Exercise requirements: For the string "with", search the entries below and copy every line where it appears.

* * *

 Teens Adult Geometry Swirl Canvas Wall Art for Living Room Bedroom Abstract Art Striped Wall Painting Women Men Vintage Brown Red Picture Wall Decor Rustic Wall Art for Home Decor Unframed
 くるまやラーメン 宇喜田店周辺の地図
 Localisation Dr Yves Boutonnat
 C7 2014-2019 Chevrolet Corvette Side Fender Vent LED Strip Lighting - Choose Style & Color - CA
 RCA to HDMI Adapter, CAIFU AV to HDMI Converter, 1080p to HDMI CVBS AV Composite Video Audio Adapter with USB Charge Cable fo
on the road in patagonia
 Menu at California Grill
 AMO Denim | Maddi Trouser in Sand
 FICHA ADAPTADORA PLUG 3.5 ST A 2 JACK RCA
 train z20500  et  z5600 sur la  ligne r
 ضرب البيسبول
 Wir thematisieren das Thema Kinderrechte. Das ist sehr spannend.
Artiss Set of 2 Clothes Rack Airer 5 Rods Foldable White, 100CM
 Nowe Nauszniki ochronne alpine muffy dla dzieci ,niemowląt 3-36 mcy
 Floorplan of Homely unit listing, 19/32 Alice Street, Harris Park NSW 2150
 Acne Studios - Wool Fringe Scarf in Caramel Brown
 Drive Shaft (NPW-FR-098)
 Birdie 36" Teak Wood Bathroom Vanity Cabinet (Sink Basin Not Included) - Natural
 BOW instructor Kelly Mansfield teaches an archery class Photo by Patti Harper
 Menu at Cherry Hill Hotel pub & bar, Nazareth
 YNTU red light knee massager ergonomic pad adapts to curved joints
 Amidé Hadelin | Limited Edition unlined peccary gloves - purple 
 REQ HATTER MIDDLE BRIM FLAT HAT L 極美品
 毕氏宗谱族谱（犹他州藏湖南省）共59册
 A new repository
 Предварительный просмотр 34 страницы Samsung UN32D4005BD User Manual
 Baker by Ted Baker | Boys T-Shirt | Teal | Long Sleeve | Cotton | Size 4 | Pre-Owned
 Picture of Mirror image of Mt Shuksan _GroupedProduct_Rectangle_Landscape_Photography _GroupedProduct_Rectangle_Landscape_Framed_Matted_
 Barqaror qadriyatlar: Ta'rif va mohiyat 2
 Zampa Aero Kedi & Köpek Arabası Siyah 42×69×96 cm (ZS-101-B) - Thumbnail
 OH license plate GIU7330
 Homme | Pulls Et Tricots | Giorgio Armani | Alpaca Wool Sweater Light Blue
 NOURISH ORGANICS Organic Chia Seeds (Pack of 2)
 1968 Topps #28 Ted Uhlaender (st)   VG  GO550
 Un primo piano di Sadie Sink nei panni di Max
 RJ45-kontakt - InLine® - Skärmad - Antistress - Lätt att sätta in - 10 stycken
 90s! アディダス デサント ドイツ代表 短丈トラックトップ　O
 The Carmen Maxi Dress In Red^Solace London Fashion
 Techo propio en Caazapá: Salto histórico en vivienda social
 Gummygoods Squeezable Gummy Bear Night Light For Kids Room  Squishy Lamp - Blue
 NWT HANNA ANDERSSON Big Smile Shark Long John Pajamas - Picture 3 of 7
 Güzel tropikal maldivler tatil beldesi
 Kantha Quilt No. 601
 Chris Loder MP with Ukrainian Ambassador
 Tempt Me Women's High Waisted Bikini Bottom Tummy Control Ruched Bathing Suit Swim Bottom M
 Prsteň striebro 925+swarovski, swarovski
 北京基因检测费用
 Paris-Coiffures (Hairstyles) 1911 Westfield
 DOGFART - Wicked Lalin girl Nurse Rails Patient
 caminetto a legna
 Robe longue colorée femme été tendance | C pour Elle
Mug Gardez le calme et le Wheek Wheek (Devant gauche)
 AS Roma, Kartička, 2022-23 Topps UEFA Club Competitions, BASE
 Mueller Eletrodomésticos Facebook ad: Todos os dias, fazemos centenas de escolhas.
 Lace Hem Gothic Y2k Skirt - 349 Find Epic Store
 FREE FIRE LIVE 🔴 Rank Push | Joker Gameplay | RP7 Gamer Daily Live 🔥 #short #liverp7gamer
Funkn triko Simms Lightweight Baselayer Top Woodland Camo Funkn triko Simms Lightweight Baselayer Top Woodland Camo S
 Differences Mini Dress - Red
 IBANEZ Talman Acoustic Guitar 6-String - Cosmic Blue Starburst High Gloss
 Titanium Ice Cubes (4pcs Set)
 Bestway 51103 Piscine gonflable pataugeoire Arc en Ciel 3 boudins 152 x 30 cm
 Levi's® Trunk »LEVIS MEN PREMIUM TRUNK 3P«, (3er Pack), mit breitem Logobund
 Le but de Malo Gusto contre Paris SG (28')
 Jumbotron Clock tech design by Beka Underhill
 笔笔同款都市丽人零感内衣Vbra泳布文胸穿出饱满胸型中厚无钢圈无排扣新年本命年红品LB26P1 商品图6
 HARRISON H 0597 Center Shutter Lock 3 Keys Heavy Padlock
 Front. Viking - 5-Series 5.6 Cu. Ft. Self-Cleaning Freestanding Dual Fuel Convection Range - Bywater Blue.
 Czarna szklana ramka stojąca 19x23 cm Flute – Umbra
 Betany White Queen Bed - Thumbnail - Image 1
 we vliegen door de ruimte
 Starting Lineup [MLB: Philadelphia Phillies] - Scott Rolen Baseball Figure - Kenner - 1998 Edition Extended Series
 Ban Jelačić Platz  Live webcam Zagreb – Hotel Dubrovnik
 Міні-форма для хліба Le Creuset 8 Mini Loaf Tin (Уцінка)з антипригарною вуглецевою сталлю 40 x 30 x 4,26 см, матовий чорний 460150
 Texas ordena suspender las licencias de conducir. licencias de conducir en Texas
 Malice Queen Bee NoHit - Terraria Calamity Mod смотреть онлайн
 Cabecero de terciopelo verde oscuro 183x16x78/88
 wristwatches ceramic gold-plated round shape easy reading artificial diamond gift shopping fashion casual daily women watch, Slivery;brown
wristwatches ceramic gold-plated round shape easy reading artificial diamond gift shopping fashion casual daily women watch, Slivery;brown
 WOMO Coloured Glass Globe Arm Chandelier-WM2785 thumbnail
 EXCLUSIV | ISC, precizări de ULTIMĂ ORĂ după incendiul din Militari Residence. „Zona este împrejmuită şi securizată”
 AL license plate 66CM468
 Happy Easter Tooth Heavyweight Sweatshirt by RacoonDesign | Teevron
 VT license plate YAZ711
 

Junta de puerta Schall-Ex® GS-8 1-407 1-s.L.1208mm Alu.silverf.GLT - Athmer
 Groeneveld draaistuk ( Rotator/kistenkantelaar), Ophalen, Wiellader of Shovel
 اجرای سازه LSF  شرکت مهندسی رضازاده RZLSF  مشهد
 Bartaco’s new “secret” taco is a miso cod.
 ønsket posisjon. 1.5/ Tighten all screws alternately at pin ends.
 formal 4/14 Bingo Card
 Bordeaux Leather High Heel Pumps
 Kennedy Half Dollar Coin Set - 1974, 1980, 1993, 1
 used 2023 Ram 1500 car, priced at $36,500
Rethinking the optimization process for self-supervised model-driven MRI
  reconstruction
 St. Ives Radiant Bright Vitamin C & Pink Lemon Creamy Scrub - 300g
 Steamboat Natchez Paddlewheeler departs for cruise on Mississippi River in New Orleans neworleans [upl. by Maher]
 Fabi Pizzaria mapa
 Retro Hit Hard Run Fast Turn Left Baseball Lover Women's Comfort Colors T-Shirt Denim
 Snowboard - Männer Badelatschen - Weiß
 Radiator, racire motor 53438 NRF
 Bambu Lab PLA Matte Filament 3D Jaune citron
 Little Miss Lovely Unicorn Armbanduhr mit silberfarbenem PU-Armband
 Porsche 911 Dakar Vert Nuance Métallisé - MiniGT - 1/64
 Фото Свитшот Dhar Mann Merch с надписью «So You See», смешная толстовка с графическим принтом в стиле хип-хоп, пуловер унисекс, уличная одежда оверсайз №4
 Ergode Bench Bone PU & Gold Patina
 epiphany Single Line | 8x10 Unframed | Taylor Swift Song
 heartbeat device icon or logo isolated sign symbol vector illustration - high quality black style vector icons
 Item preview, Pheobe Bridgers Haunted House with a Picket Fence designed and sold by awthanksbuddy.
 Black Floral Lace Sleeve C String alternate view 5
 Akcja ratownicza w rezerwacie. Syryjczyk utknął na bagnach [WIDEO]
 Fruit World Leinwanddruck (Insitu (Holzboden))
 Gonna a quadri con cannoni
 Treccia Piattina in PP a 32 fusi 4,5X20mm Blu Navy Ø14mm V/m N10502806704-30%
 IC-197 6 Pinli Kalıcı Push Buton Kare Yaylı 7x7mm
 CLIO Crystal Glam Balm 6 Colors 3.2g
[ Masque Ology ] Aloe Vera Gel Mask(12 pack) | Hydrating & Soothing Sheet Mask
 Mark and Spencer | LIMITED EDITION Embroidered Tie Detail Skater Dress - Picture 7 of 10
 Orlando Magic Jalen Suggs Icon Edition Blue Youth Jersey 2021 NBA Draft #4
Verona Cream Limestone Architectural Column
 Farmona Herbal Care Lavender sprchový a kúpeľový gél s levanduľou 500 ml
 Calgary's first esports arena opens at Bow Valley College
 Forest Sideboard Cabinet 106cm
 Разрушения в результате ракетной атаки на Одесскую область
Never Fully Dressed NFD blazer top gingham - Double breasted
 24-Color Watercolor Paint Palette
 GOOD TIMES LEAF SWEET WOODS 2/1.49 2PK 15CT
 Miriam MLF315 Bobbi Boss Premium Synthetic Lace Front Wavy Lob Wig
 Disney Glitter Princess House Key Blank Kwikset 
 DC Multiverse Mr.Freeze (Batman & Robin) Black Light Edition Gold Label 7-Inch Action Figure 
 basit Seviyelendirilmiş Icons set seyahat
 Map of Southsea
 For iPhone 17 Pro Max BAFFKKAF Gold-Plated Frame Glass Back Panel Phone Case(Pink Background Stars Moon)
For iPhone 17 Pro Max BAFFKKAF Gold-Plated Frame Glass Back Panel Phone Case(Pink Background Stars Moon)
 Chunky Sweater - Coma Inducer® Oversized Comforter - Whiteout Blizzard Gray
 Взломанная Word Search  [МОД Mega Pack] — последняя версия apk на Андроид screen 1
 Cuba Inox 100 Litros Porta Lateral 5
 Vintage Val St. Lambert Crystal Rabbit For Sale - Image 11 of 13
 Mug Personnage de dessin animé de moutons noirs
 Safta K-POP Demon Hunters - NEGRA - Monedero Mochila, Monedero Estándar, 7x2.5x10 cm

* * *

Exercise output:
 RCA to HDMI Adapter, CAIFU AV to HDMI Converter, 1080p to HDMI CVBS AV Composite Video Audio Adapter with USB Charge Cable fo
 Chris Loder MP with Ukrainian Ambassador
 Item preview, Pheobe Bridgers Haunted House with a Picket Fence designed and sold by awthanksbuddy.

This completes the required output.